→ Task objective
Beginning with the line that contains "Dining area with pantry open." in the material below, print each line exactly until the line that contains "Red and white" has been printed, then stop.

→ Extracted records
───

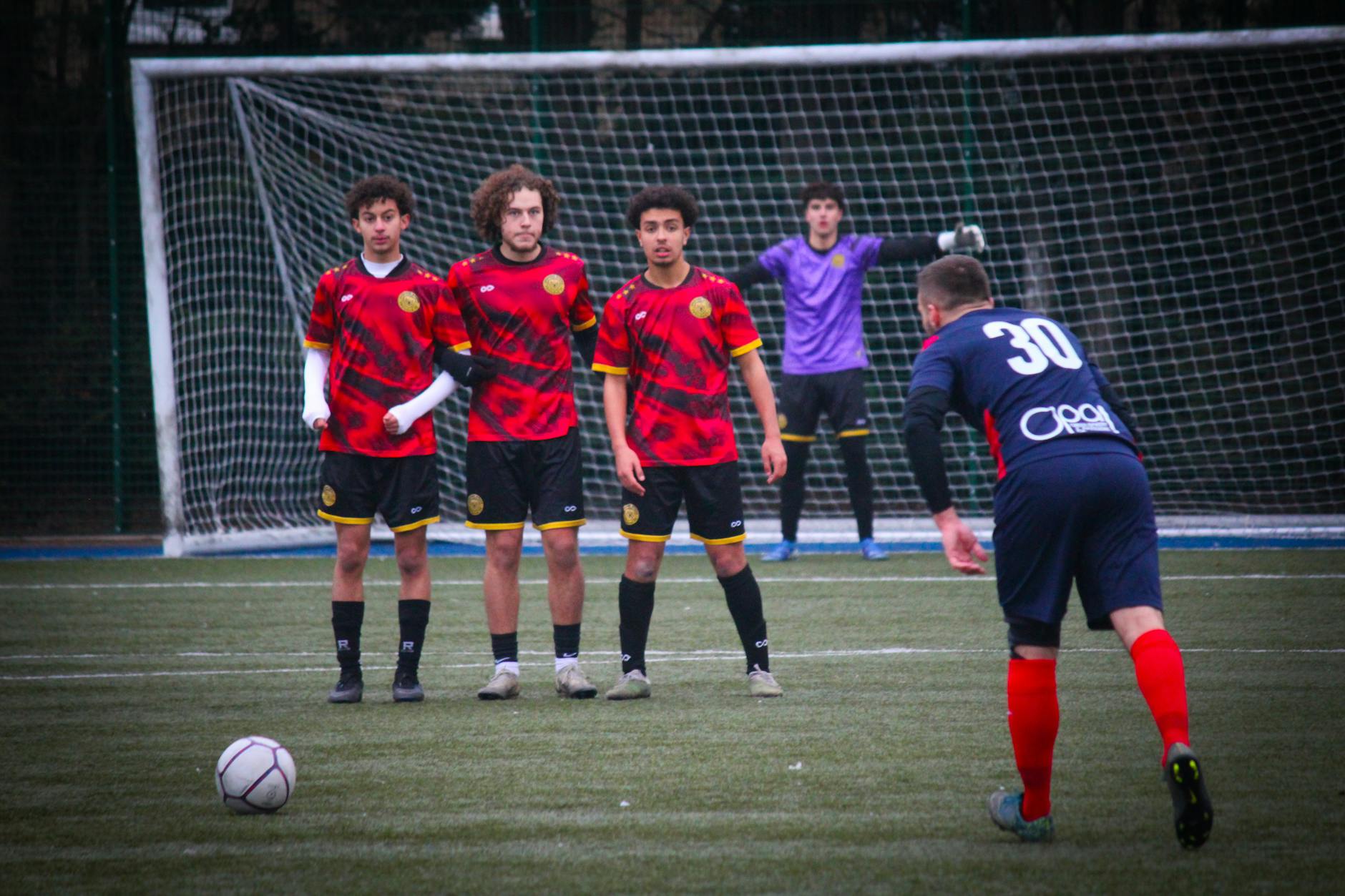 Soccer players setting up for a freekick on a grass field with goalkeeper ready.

───

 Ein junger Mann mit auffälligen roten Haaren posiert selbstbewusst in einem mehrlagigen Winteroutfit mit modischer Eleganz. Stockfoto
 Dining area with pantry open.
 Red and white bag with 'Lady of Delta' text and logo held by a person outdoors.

───

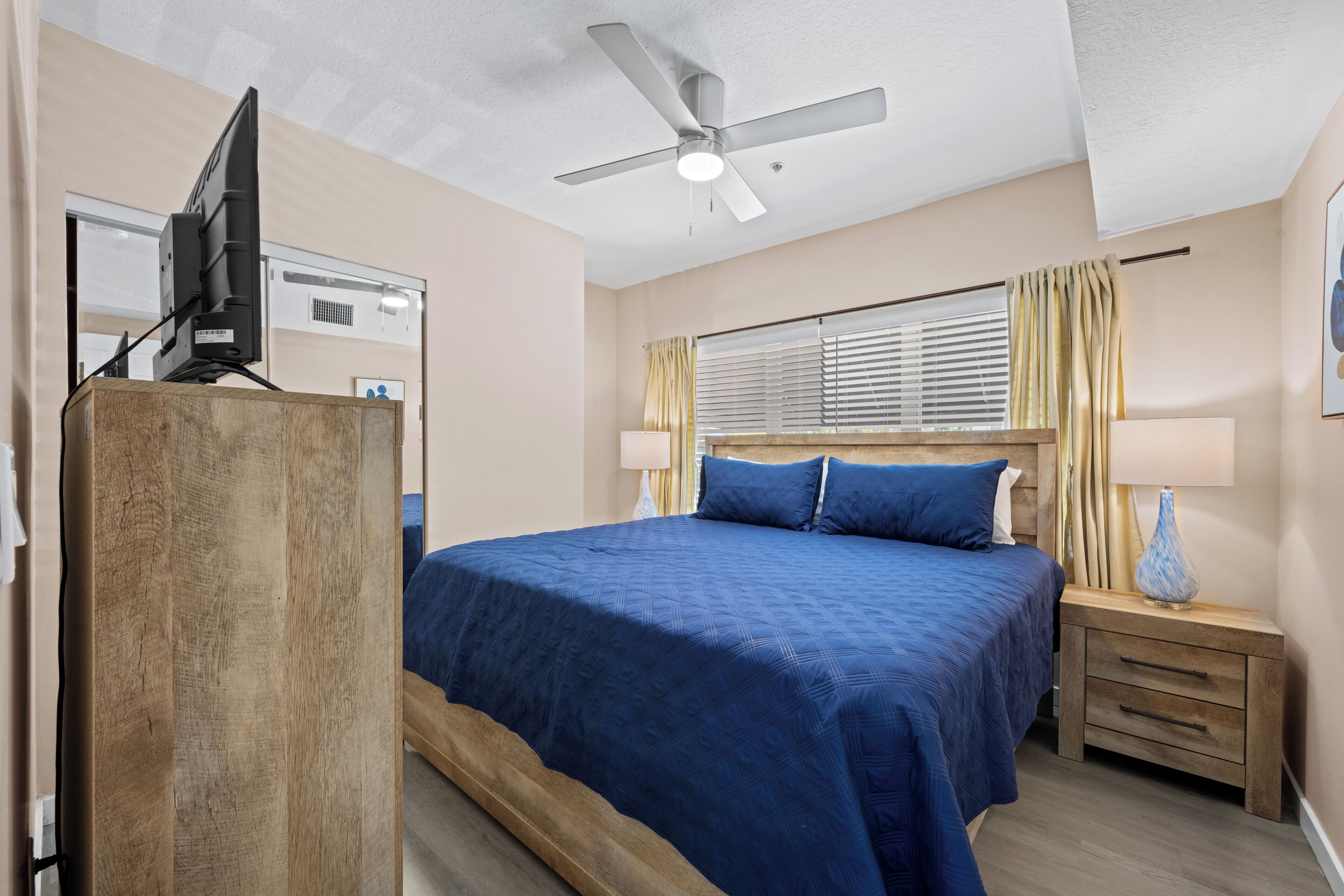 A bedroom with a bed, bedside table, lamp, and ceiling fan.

───

→ Task response
 Dining area with pantry open.
 Red and white bag with 'Lady of Delta' text and logo held by a person outdoors.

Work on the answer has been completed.